Praying at the Baptism

That was such an amazing experience!

As I got up and went to the back of the church to pray, I felt such an open-ness to join in. Then when I got to the part for the sick, I didn’t add any names, but just left a space for each person to name sick friends or relatives silently in their heart before God. I was nearly overwhelmed with the feeling of floods of prayer going up.

These entirely subjective feelings could be pure imagination, so it is interesting what people said. One father, who came with a five year-old and a three year-old said thank you for the prayers, because the children really tuned in to them. (Praise the Lord for these little ones who love him!)

Then at the party afterwards several people commented what a “lively church” we had, obviously meaning it as a compliment.

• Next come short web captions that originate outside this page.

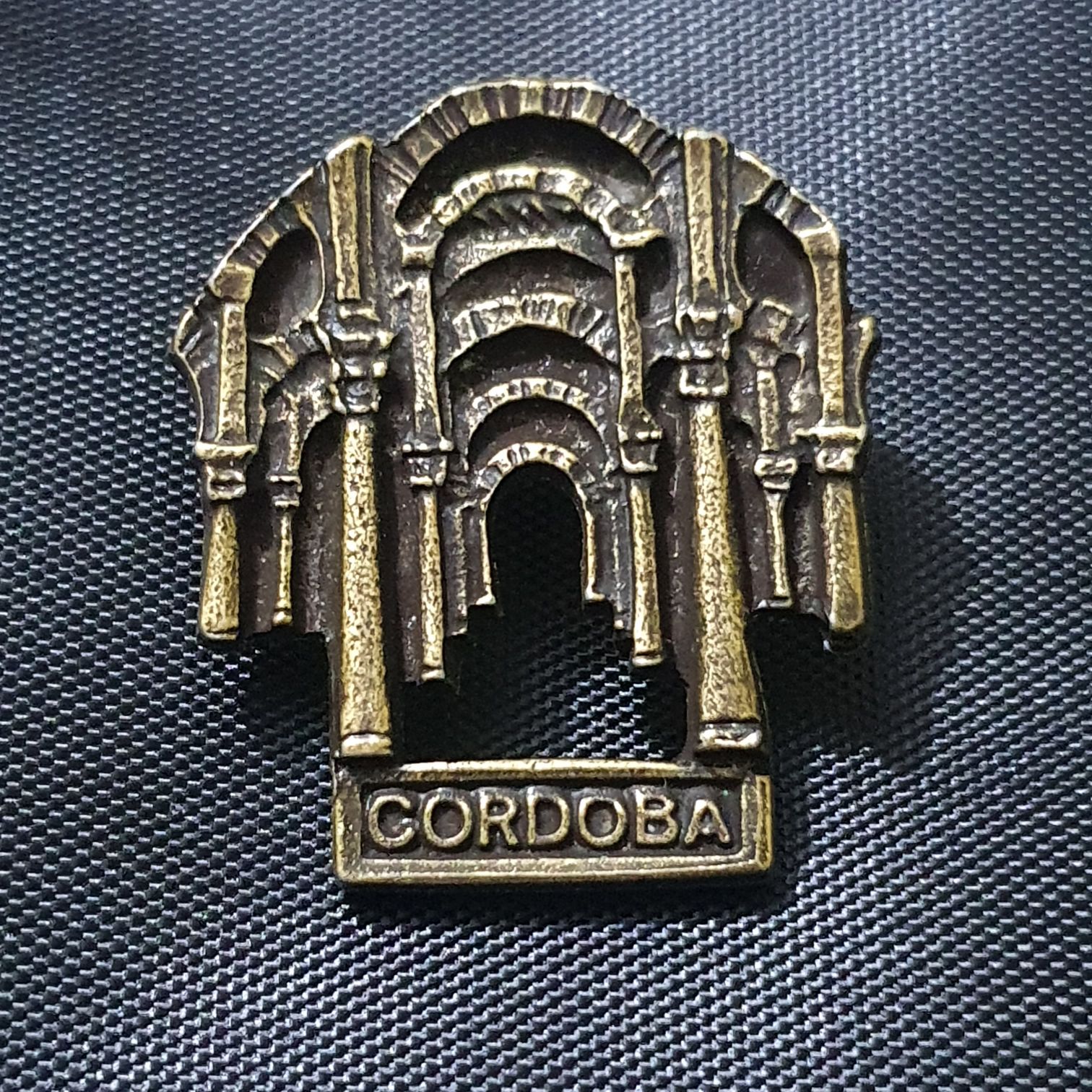 Beauty & The Beast - Belle - Winter 2016 Ltd Edition 2000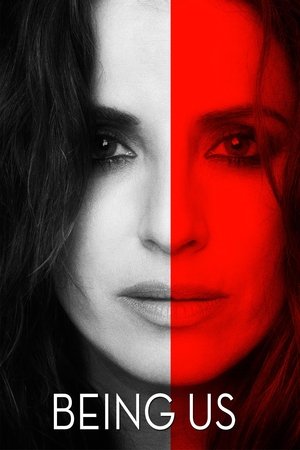 Watch Free Being Us (2013)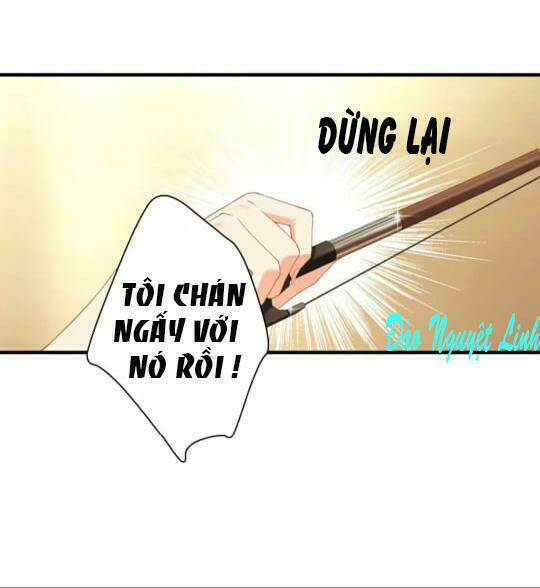 Chương 7 - Trang 31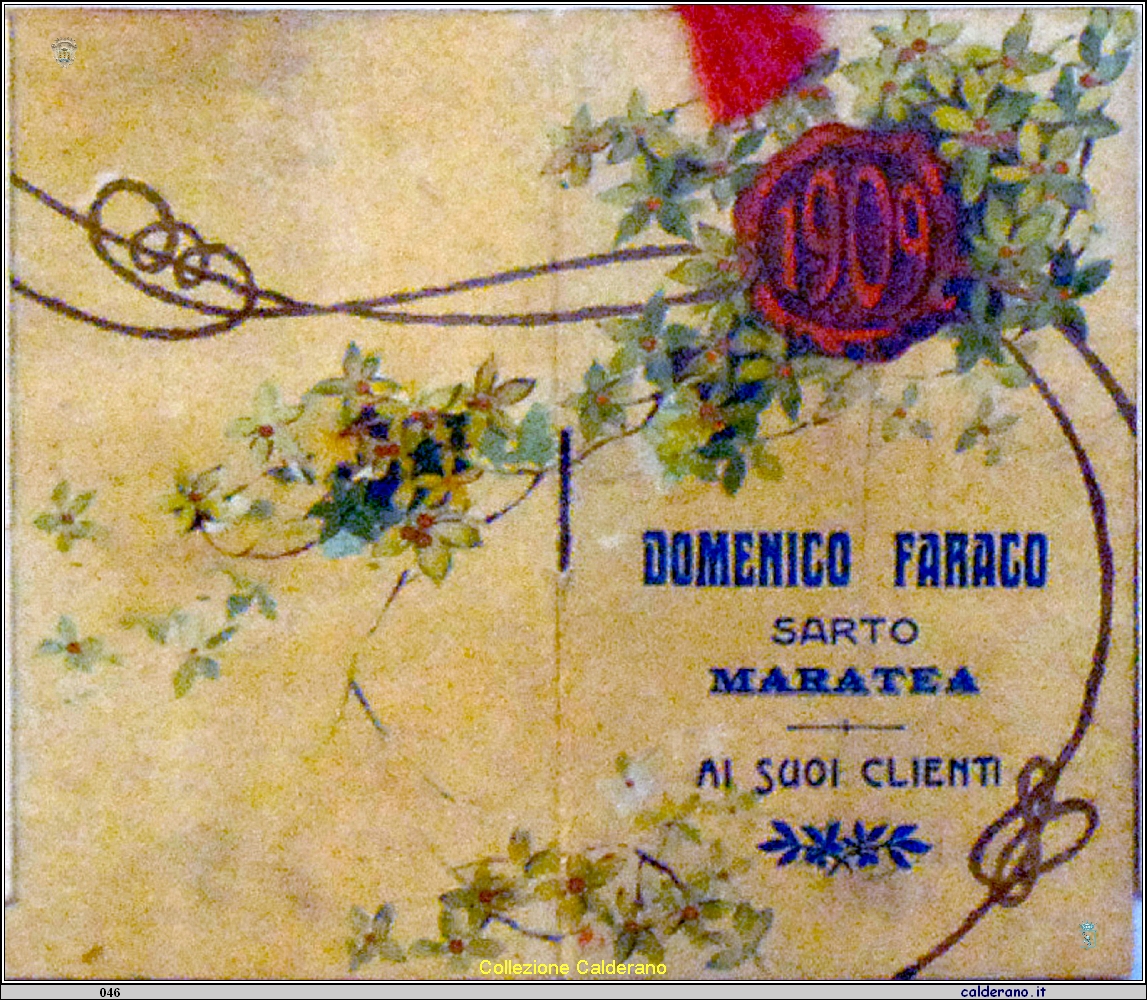 Calendario di Domenico Faraco Sarto 1909.jpg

The interesting thing about these comments is that they seem to indicate that these people wanted and expected a “cathedral” style of worship, and were pleased when it was offered to them.

I am using the term “cathedral” style here to refer particularly to the communal aspects of prayer and worship, their embedding in a structured liturgy, led from the front, and the inclusion of lots of praise and adoration.

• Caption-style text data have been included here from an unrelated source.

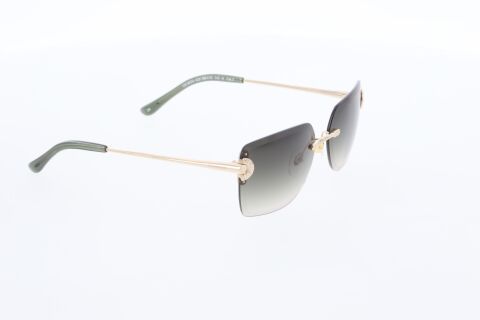 Osse OS3674 03 Kadın Güneş Gözlüğü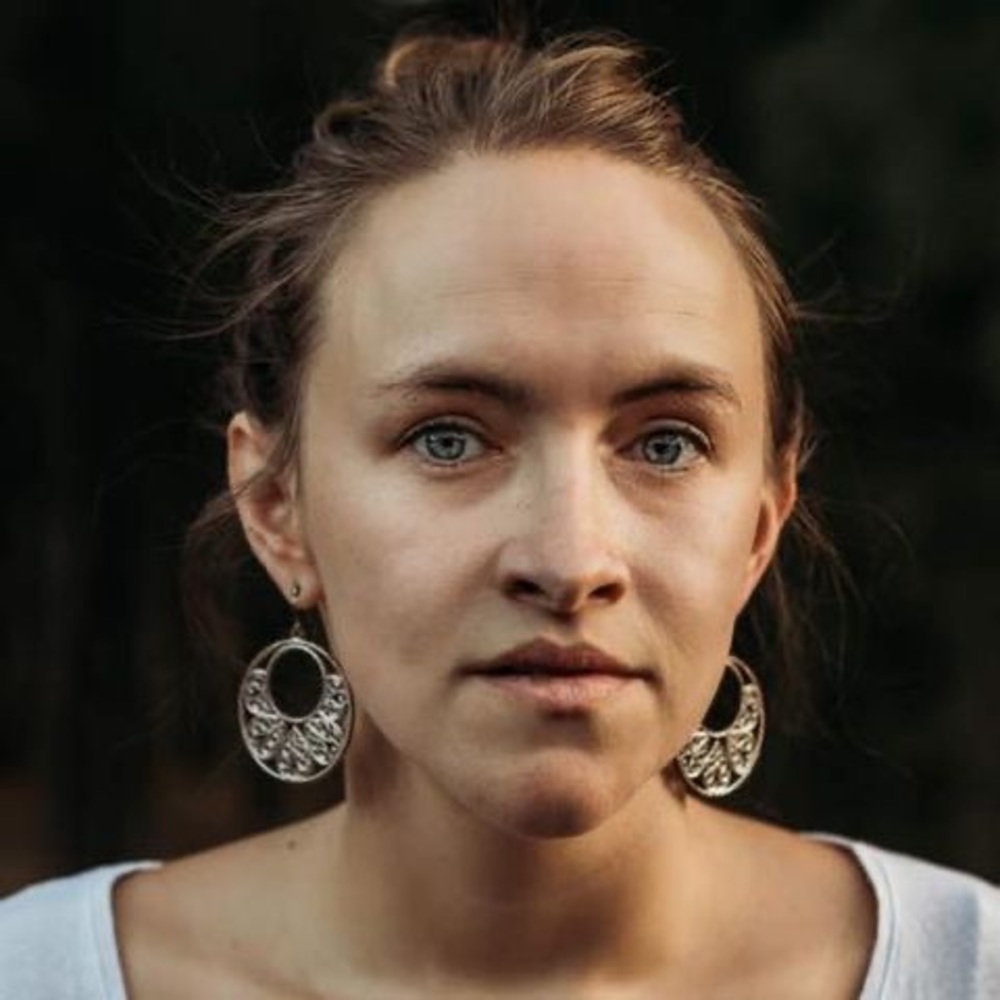 Meet your Posher, Brandi
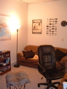 DSCF0016_1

In contrast, other members of the congregation have met people who only like to have a Prayer Book service (1662 and al that) and the traditional hymns. Bradshaw is right that these people become very upset if their expectations are disappointed, and it may indeed be the case that they wanted to be wrapped in their own very private cocoon of prayer, in a style that he would term “monastic” prayer.

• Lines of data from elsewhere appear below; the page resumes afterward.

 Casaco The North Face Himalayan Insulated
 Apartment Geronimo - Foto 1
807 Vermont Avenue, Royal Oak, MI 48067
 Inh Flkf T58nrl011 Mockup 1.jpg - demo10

Here indeed is a recipe for conflict, with some clergy, who take the “Body Church” teaching very seriously, seeing this as theologically unacceptable.

A view which is not necessarily opposed to this emphasis on “the gathered church”, but which seeks to understand the traditionalists, offers the thought that these different styles of prayer and worship may correspond to personality differences between extroverts and introverts.

The key point for the rural Anglican Church is to recognise that their church may be the only local church and as such, must seek to minister to people with different styles and traditions of worship – ideally by offering different kinds of service on different occasions, rather than making each service a ragbag of styles.

Thank you, God, for helping me to think through that difficult reading from Bradshaw in a context that was so happy and meaningful to me.